TASK BRIEF: Repeat word for word the lines from the top of the records through the line containing "Produktbild: Spanien Nord", and skip the pictures.

DATA TO PROCESS:

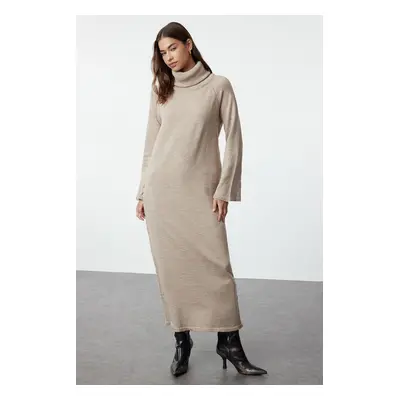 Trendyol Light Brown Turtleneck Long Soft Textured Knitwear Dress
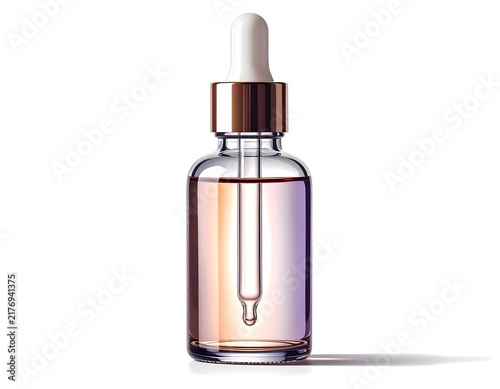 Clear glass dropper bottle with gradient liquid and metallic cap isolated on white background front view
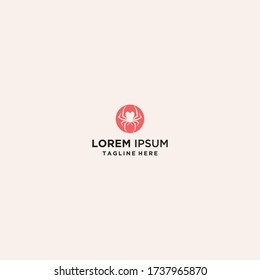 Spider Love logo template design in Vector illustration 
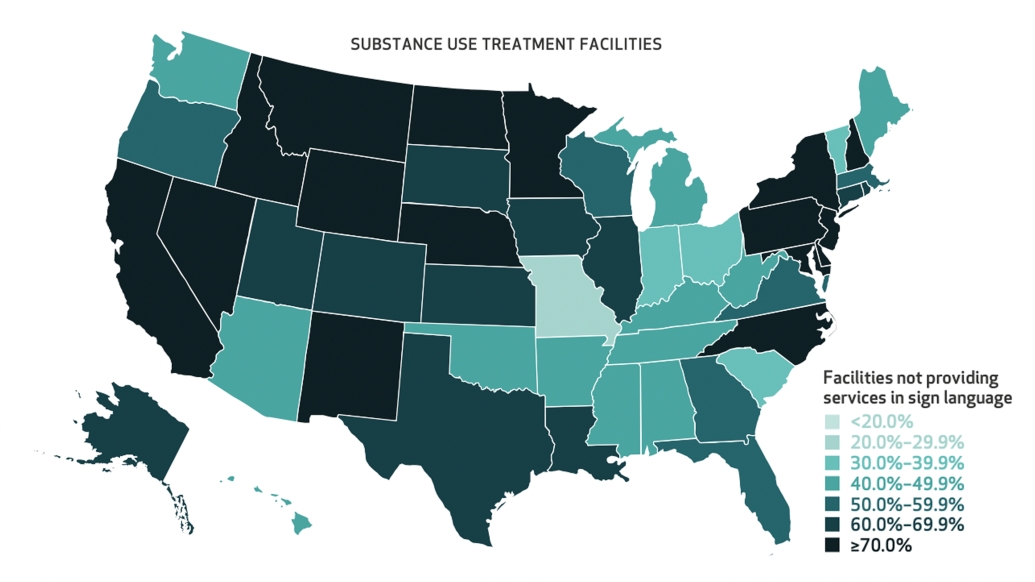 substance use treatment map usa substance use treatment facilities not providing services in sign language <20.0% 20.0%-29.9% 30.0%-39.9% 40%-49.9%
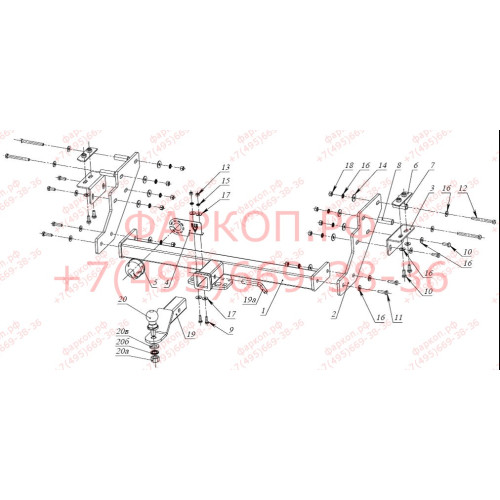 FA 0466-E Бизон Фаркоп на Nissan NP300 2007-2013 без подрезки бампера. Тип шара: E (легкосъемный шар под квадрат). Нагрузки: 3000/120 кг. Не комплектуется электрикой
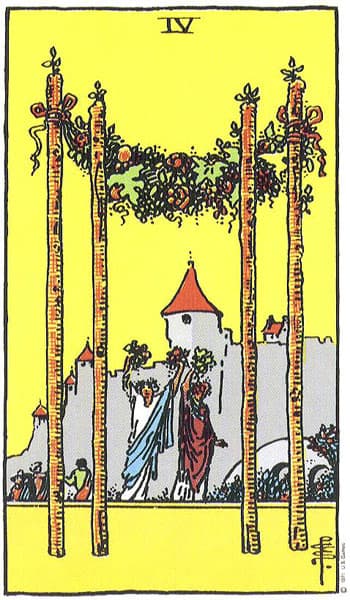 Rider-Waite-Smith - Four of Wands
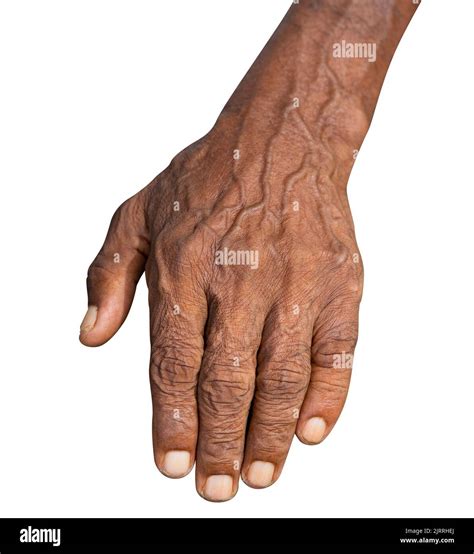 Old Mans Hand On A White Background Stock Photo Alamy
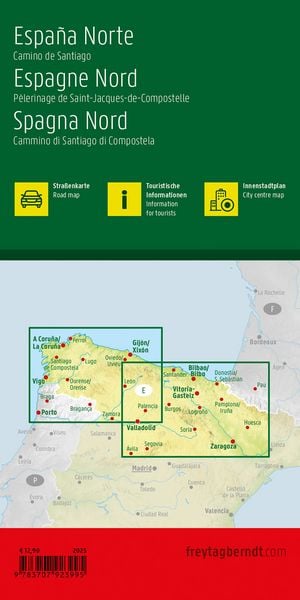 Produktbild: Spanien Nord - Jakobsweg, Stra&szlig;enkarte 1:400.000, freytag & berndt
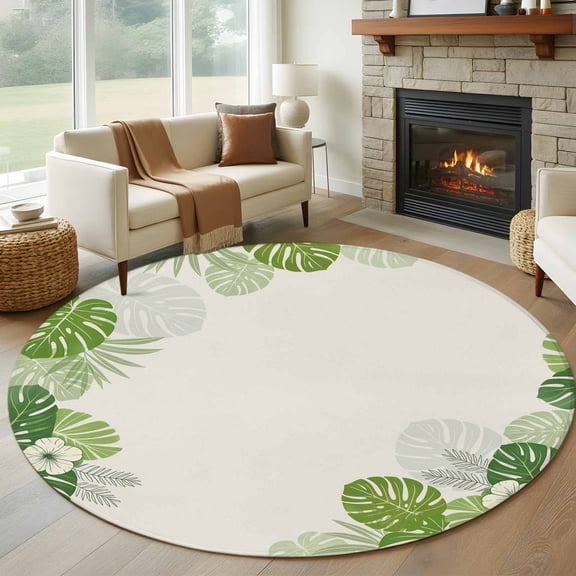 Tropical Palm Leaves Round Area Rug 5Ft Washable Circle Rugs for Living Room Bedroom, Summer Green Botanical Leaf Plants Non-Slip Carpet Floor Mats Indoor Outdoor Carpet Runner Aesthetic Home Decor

ANSWER FOR THIS EXERCISE:
 Trendyol Light Brown Turtleneck Long Soft Textured Knitwear Dress
 Clear glass dropper bottle with gradient liquid and metallic cap isolated on white background front view
 Spider Love logo template design in Vector illustration 
 substance use treatment map usa substance use treatment facilities not providing services in sign language <20.0% 20.0%-29.9% 30.0%-39.9% 40%-49.9%
 FA 0466-E Бизон Фаркоп на Nissan NP300 2007-2013 без подрезки бампера. Тип шара: E (легкосъемный шар под квадрат). Нагрузки: 3000/120 кг. Не комплектуется электрикой
 Rider-Waite-Smith - Four of Wands
 Old Mans Hand On A White Background Stock Photo Alamy
 Produktbild: Spanien Nord - Jakobsweg, Stra&szlig;enkarte 1:400.000, freytag & berndt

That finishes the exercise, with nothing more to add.